C’est le cas du Così fan tutte de Ferrare.
Il se passe quelque chose d’alchimique dès l’ouverture, qui nous fait sentir qu’on explore, ou qu’on nous fait explorer des continents inconnus. Abordant pour la première fois le dernier opéra de la Trilogie de Da Ponte, Claudio Abbado réussit d’emblée un coup de maître. D’emblée s’installe dans l’esprit qu’on écoute là quelque chose de définitif. Ayant eu le privilège d’assister à Udine à la version “réduite” de l’oeuvre de Mozart, nous avions bien eu l’impression qu’il y avait là une vision autre, beaucoup plus “raide”, beaucoup plus essentielle, sans fioritures, sans concessions au mielleux, au coté “bonbonnière” qu’on a souvent reproché à l’oeuvre: et que découvre-t-on: une comédie certes, mais la comédie des erreurs, des faux semblants, qui devient vite le drame des déchirements intérieurs.
Le contraste entre premier et deuxième acte est dans ce sens saisissant: un premier acte haletant, étourdissant, où l’action court, où la farce prédomine (Ah! Le docteur à l’accent émilien de la Mazzucato), où la jeunesse envahit tout: on joue, on s’amuse, sans enjeux, sans penser, dans la légèreté et l’insouciance d’esprits juvéniles et conquérants. On joue à s’aimer, à se dire des paroles définitives auxquelles on croit, on s’étourdit de sa propre soif de vivre. On entre dans le jeu des sentiments sans penser qu’il s’agit du jeu de la Vérité. Alors, l’orchestre exprime avec ironie les déclarations d’intention de ces dames: il faut écouter ces fulgurants coups d’archets, légers comme des fléchettes, accompagnant “Smanie Implacabili”, il faut écouter l’entrée du choeur des soldats, au rythme étouffé, presque “piano”, qui évoque tout sauf un choeur martial dans les premières mesures, et qui monte en crescendo jusqu’à l’exagération et la satire. C’est ici un cor qu’on n’avait jamais entendu, là des percussions qui tout à coup rythment l’action. En bref, une véritable mise en scène de la musique, qui en fait non plus un cadre somptueux de la comédie, mais un commentaire dialectique de ce qui se trame sur scène, la musique n’est plus décor, elle n’est plus à écouter, elle est, simplement, action.
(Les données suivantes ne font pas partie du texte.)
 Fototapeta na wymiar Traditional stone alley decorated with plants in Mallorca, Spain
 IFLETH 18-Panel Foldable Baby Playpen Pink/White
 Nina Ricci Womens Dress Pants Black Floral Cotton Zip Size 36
Ayant admirablement intégré la leçon des interprétations baroques, Claudio Abbado n’hésite pas devant les sons rêches, les ruptures brutales de tempos, les rythmes haletants, le son n’est jamais “rond”, il est toujours saillant, présent, protagoniste.
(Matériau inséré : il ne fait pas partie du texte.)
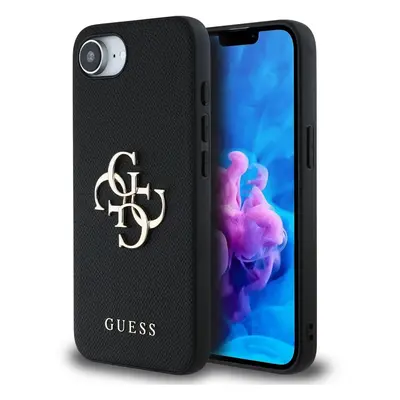 Zadní kryt Guess PU Grained 4G Metal Logo pro iPhone 16e Black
Alors, le deuxième acte n’est plus la simple chronique de (deux) trahisons annoncées, il est le moment où l’on découvre aussi qu’il n’y a rien de plus fragile que la parole, de plus léger qu’un mot, qu’on remplace si aisément par un autre, mais où l’on découvre aussi ce qu’est le sentiment, l’intériorité, le doute: c’est la fin des certitudes. Et la musique à ce moment là se fait non pas élégiaque et poétique, mais grave, mais sombre, mais obscure comme les replis de ces consciences qui ne savent pas ce qu’elles font, ni où elles sont. Il faut voir alors avec quelle gravité, avec quelle décision Fiordiligi choisit la voie – la voix – du coeur. Comment croire à une fin heureuse après un tel “Per pietà”.
Et justement cette fin heureuse, Abbado la précipite, avec des tempi redoutables, un rythme qui fait littéralement exploser l’orchestre, comme si il fallait à la fois se débarrasser au plus vite de cette fin convenue, mais qu’il fallait revenir au vertige de la farce pour éviter le vertige des sentiments pour que tout finisse (dans cette mise en scène au moins )au lit, présent sur la scène comme une obsession, et peut-être, à quatre….
Jamais nous n’avions entendu diriger avec cette énergie, cette précision de tout les instants, ce suivi attentif de chaque mot, de chaque geste, de chaque moment scénique auquel le Maestro fait correspondre un son, un instrument, une phrase musicale.
Mais ce résultat est obtenu grâce à un orchestre jeune, hyper-doué, disponible, sensible à chaque geste du maestro, épiant jusqu’aux mouvements scéniques (combien de regards vers la scène), pour suivre exactement le rythme des corps, des voix, des paroles, grâce à un travail d’un mois, en équipe, autour d’un concept, dans l’enthousiasme et le calme de la cité des Este. Alors peu importe si tel où tel ce soir là n’était pas très en forme, si Melanie Diener (Fiordiligi ) a moins bien réussi la première que la générale, si la voix de Charles Workman (Ferrando) semble trop forte ou trop sonore, si telle autre est éteinte, c’est l’ensemble qu’il faut juger, et l’ensemble est un choc, évident
Un tel résultat pourrait-il être obtenu dans un opéra, où l’orchestre chaque jour est sollicité par d’autres taches, où le spectacle est toujours un parmi d’autres? Un tel résultat aurait-il pu être obtenu à Salzbourg, entre deux répétitions de Tristan et trois concerts ?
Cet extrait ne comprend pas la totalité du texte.